● **Prompt**:
Give the whole listing below once more, exactly, without pictures.

● **Information given**:
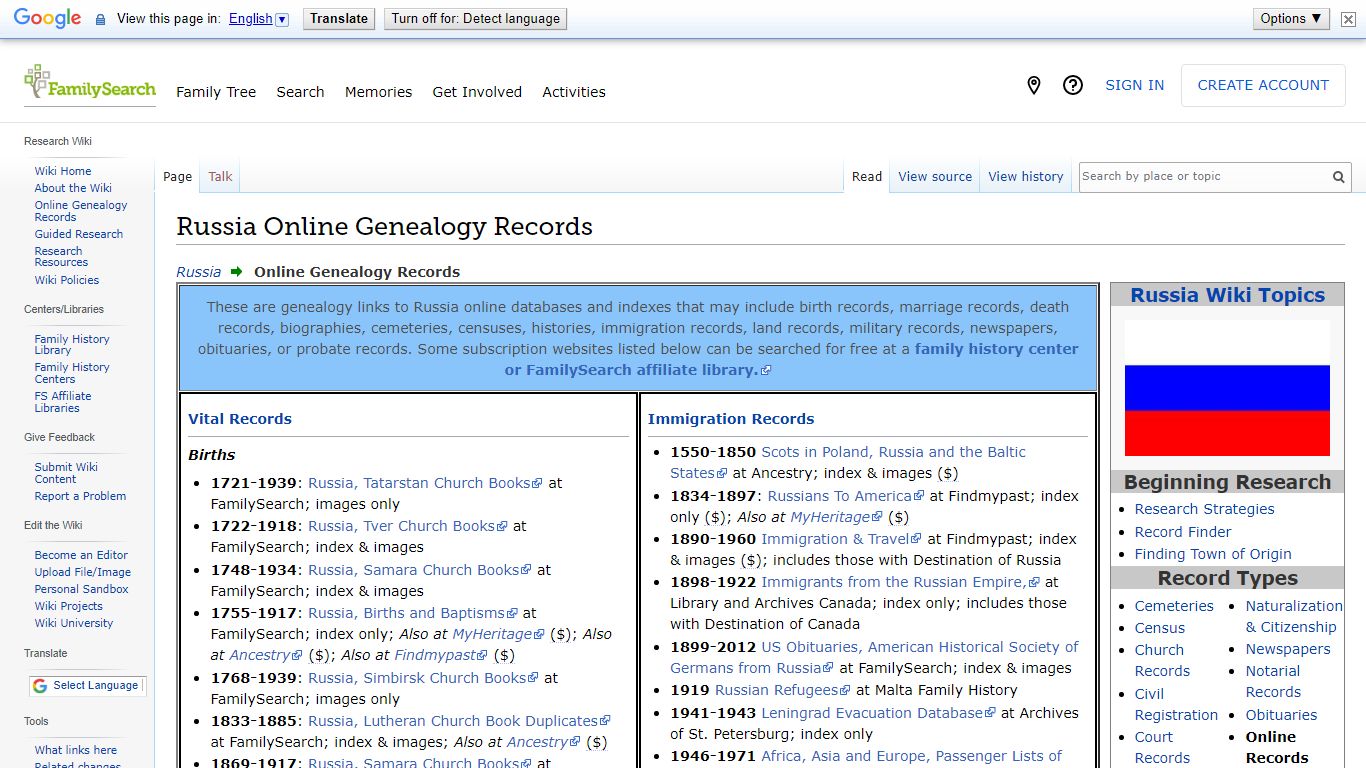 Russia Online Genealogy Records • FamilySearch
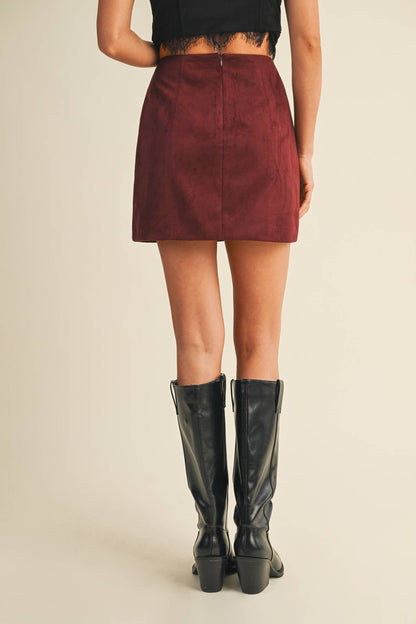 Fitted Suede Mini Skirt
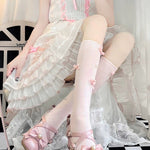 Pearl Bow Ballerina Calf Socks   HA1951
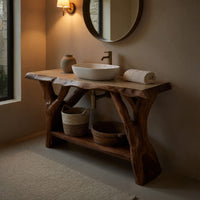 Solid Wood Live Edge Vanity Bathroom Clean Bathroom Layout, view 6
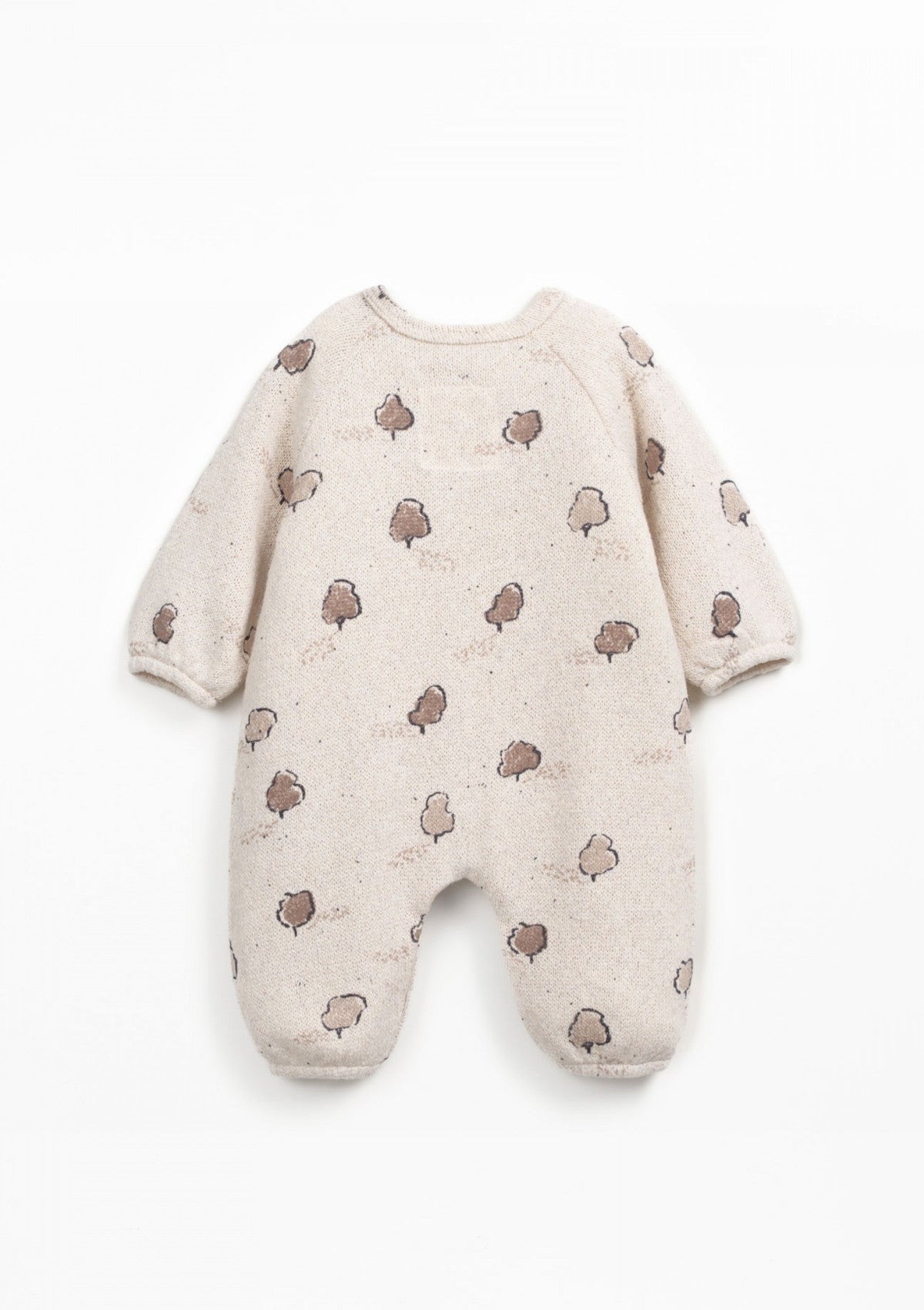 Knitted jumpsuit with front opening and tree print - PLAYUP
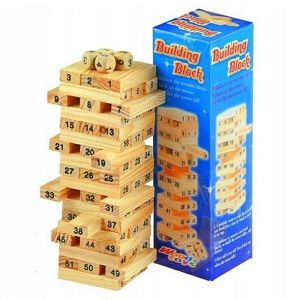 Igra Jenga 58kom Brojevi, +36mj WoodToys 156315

● **Response to this task**:
 Russia Online Genealogy Records • FamilySearch
 Fitted Suede Mini Skirt
 Pearl Bow Ballerina Calf Socks   HA1951
 Solid Wood Live Edge Vanity Bathroom Clean Bathroom Layout, view 6
 Knitted jumpsuit with front opening and tree print - PLAYUP
 Igra Jenga 58kom Brojevi, +36mj WoodToys 156315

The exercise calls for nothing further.